◆ **EXERCISE MATERIAL**
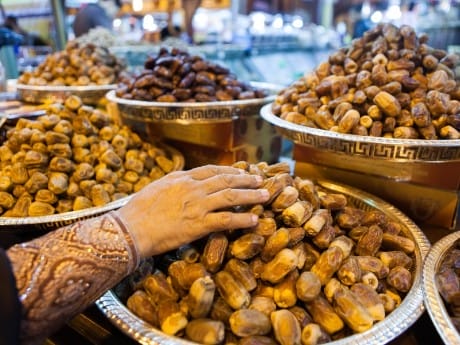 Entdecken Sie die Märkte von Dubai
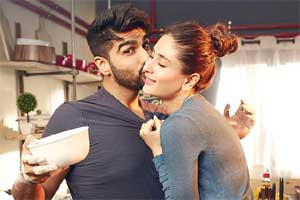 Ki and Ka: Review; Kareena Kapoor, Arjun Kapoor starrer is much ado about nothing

--

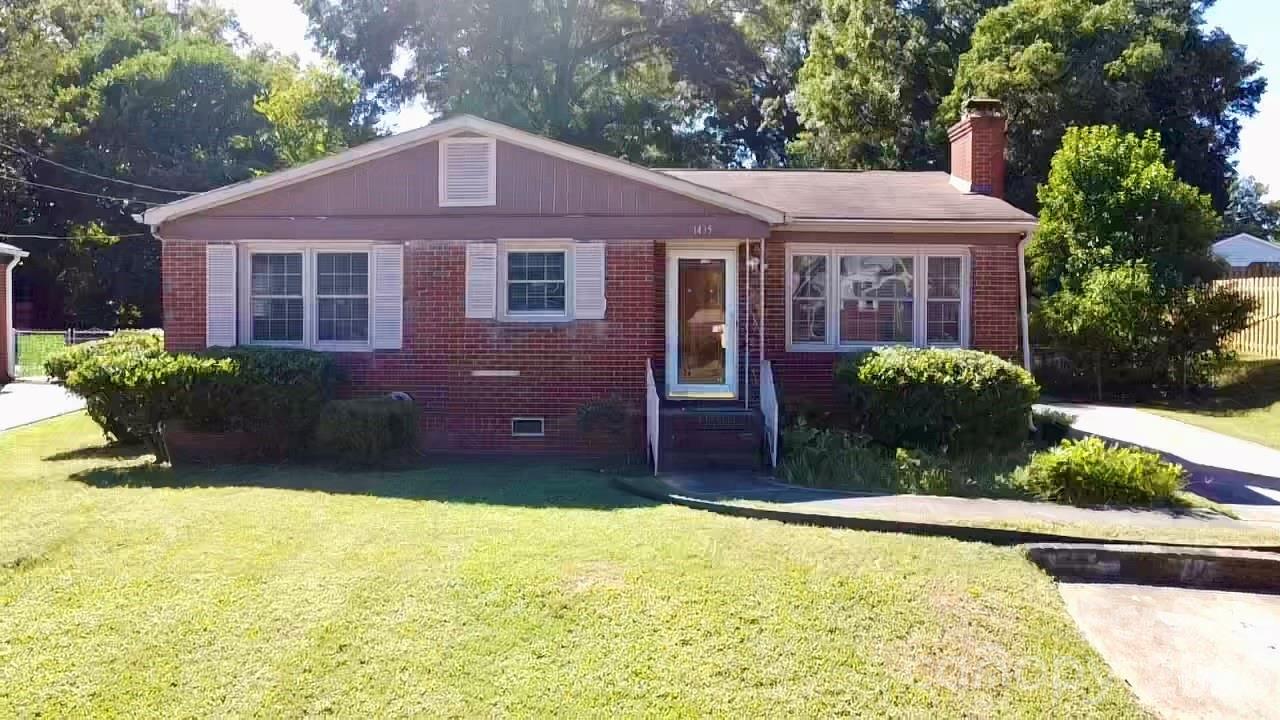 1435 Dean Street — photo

◆ **WORK ITEM**
The material above holds pictures; leave them out and set down exactly the lines from the line with "Entdecken Sie die Märkte von Dubai" to the line with "Ki and Ka: Review;", both included.

◆ **EXERCISE ANSWER**
 Entdecken Sie die Märkte von Dubai
 Ki and Ka: Review; Kareena Kapoor, Arjun Kapoor starrer is much ado about nothing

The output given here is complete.